- [DATASET]:
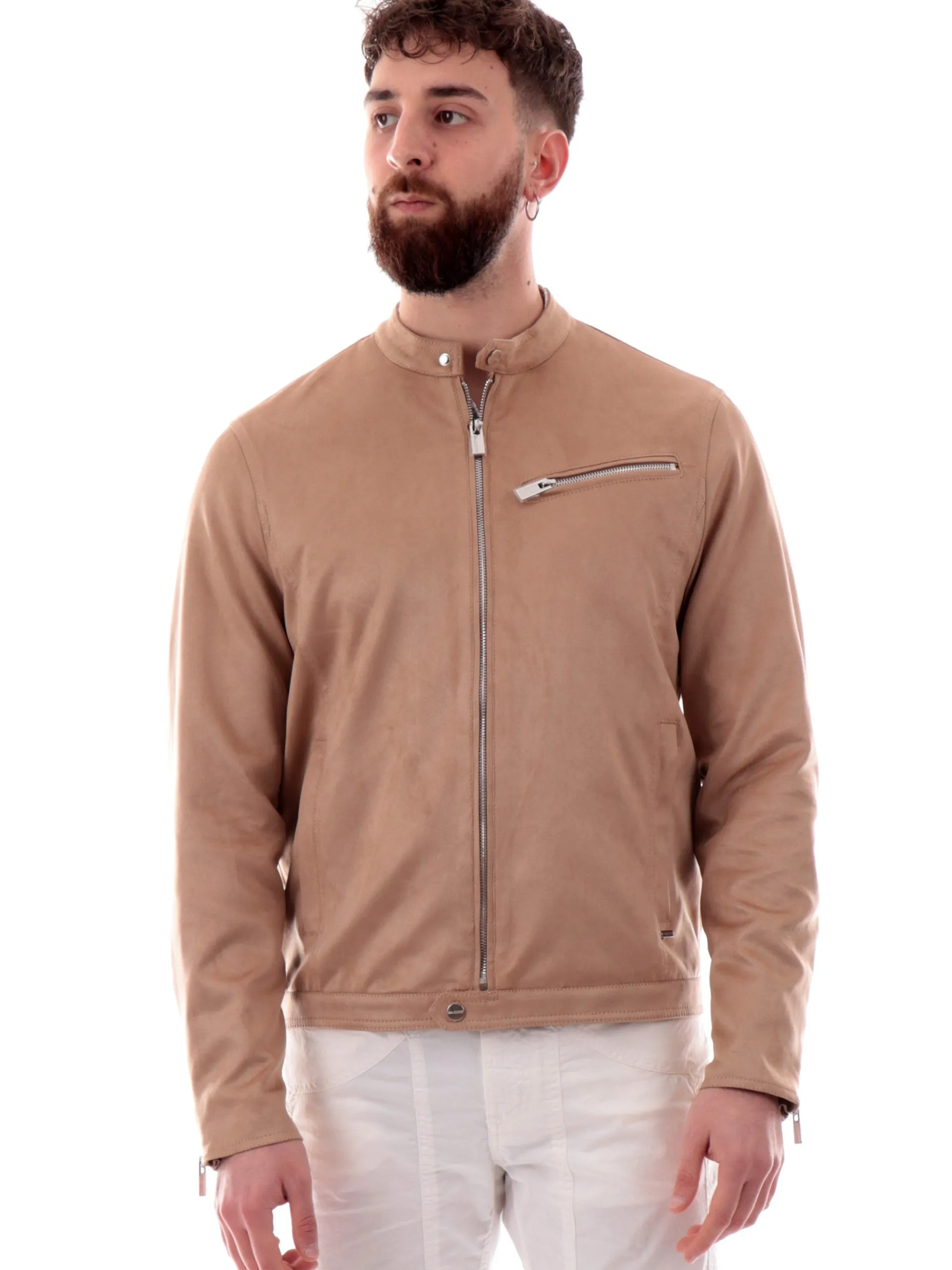 MARKUP Giubbini*Giacca pelle daino Mark Up beige da uomo eco MK894030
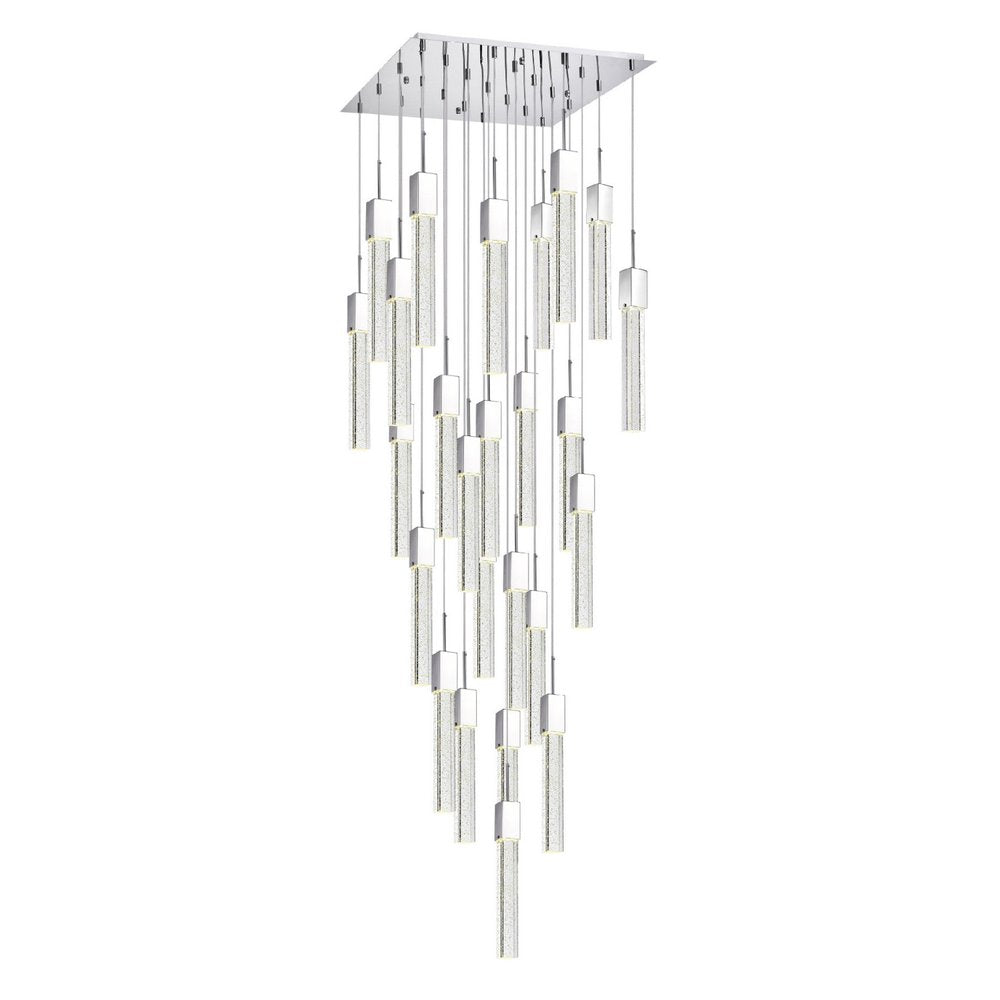 Silver And Clear Multi Light Metal Dimmable Chandelier With Clear Shades HomeRoots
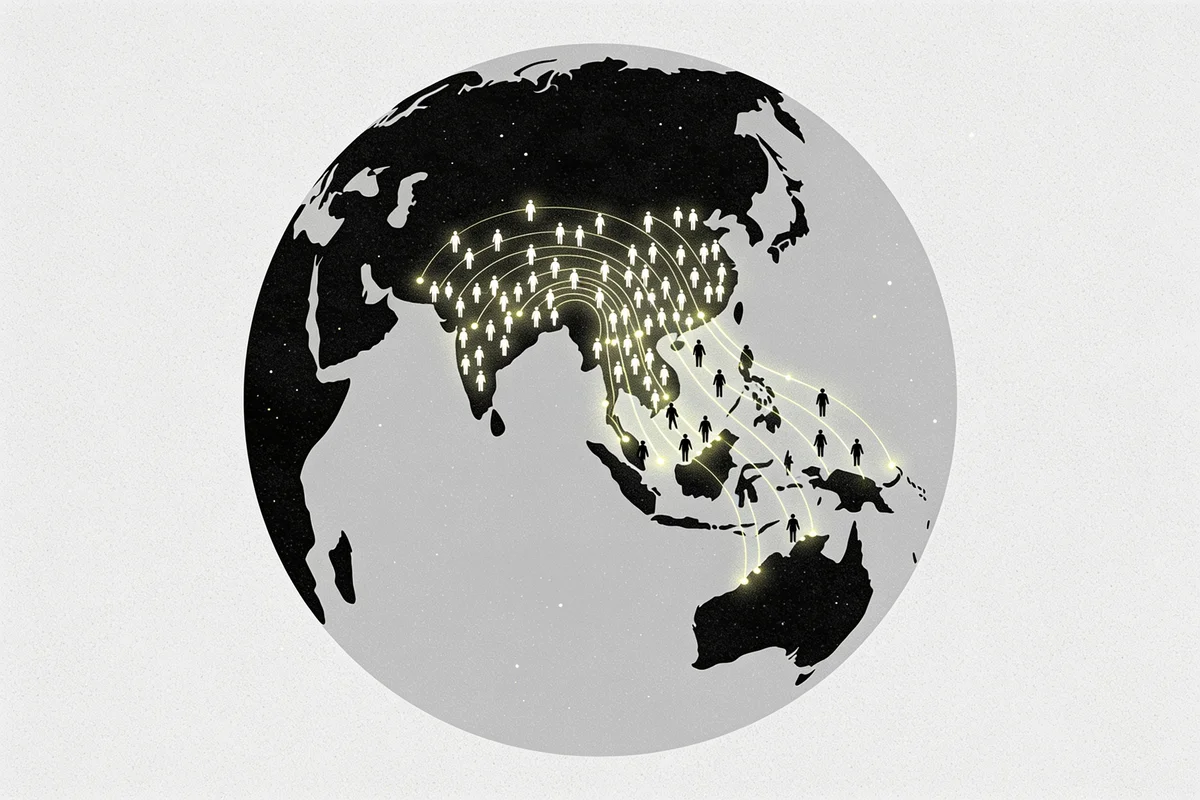 Flat vector illustration of a globe with glowing streams of people flowing across Asia, representing TikTok's global user base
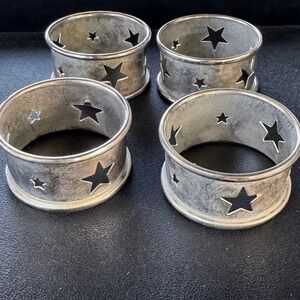 VTG Pewter Star Napkin Rings Set of‎ 4 Cutout Star Design Table Decor Dinner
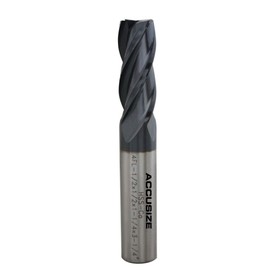 Accusize Industrial Tools 1/2 by 1/2 by 1-1/4 by 3-1/4'' M42 8% Cobalt Tialn Finishing End Mill, C.N.C, Center Cutting, 6800-4051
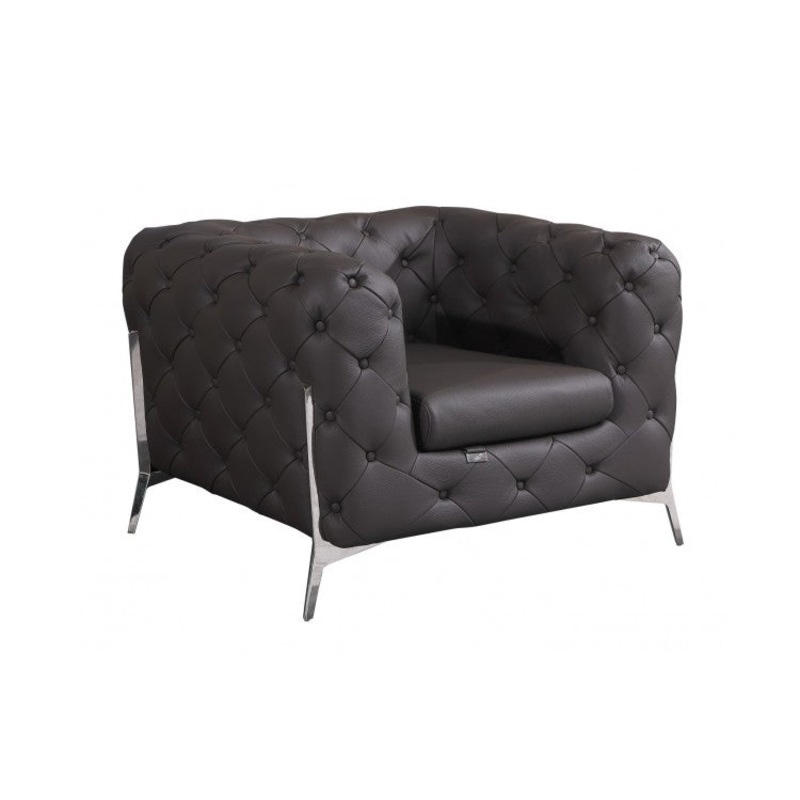 970 DivanItalia Brown Chair  Top Grain Italian LeatherModel:  970-BROWN-CH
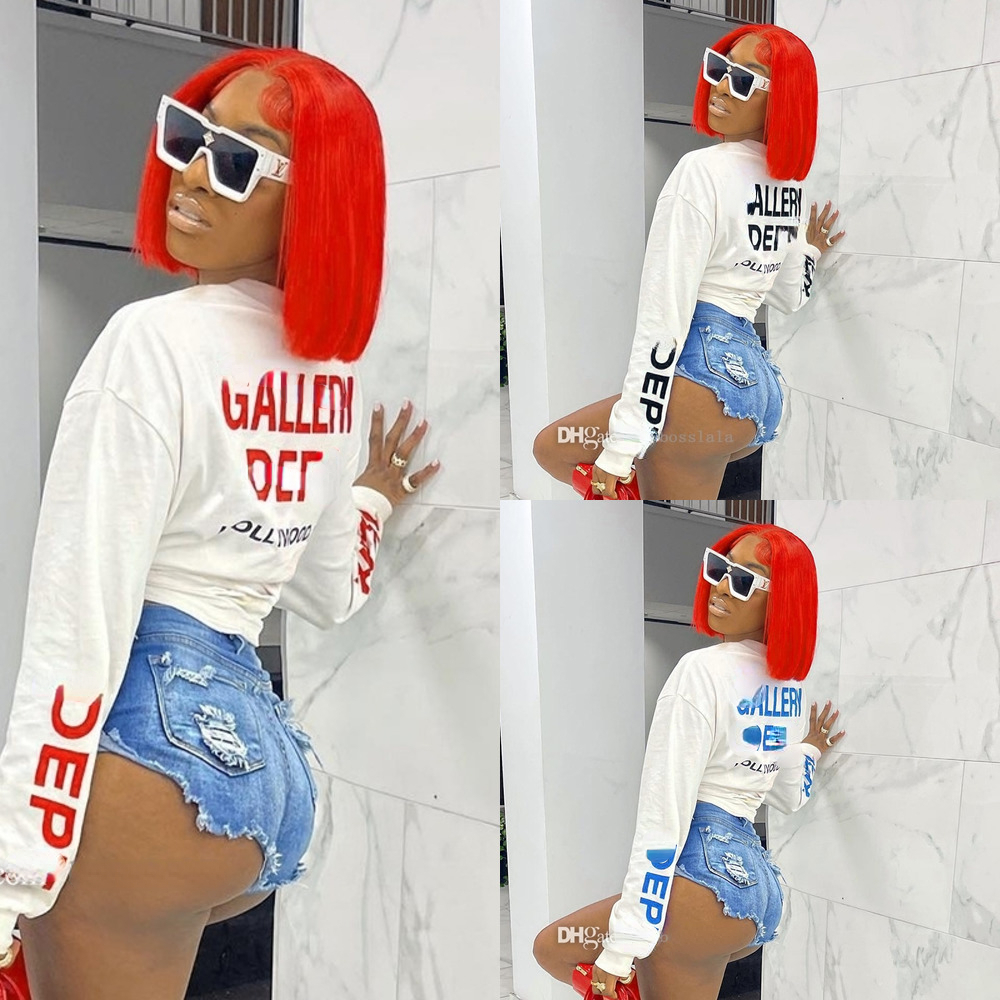 

Womens Long Sleeve T-shirt Autumn Clothing 2022 New Fashion Letter Printed Loose Round Neck Tee, White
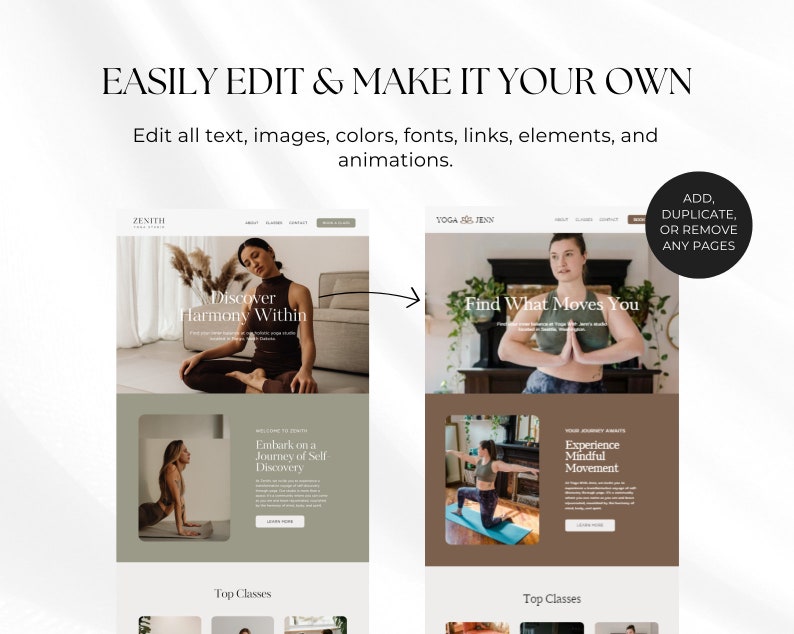 May include: Website mockup for a yoga studio called "Zenith Yoga Jenn". The website features images of people practicing yoga, text that says "Discover Harmony Within", "Find What Moves You", "Embark on a Journey of Self Discovery", and "Experience Mindful Movement", and a section for "Top Classes".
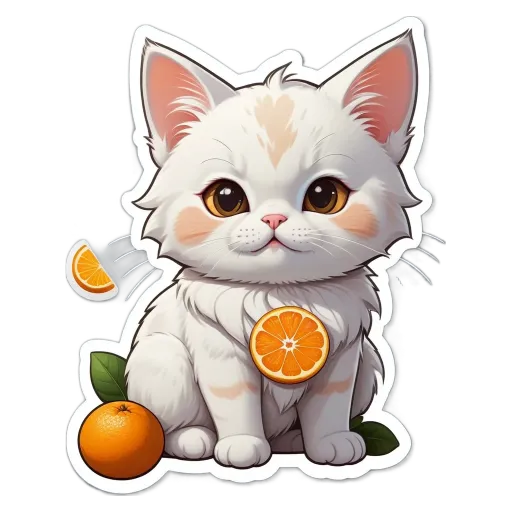 A cartoon cat sitting on a orange with a slice cut out of it.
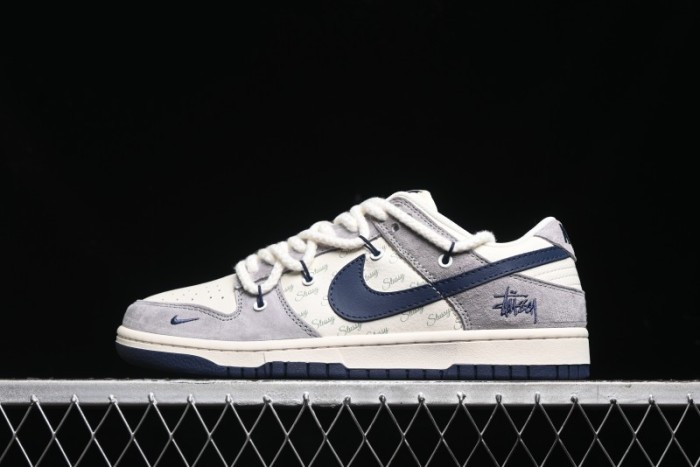Nike SB Dunk Low Stussy Collaboration - Navy Blue Embroidery Swoosh Anniversary Custom Low-Top Casual Sneakers - SJ2068-296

- [WORK ORDER]:
Please retype the lines from the one that contains "Accusize Industrial Tools" through the final line of the data, both included, without any pictures.

- [RESPONSE AREA]:
 Accusize Industrial Tools 1/2 by 1/2 by 1-1/4 by 3-1/4'' M42 8% Cobalt Tialn Finishing End Mill, C.N.C, Center Cutting, 6800-4051
 970 DivanItalia Brown Chair  Top Grain Italian LeatherModel:  970-BROWN-CH

Womens Long Sleeve T-shirt Autumn Clothing 2022 New Fashion Letter Printed Loose Round Neck Tee, White
 May include: Website mockup for a yoga studio called "Zenith Yoga Jenn". The website features images of people practicing yoga, text that says "Discover Harmony Within", "Find What Moves You", "Embark on a Journey of Self Discovery", and "Experience Mindful Movement", and a section for "Top Classes".
 A cartoon cat sitting on a orange with a slice cut out of it.
Nike SB Dunk Low Stussy Collaboration - Navy Blue Embroidery Swoosh Anniversary Custom Low-Top Casual Sneakers - SJ2068-296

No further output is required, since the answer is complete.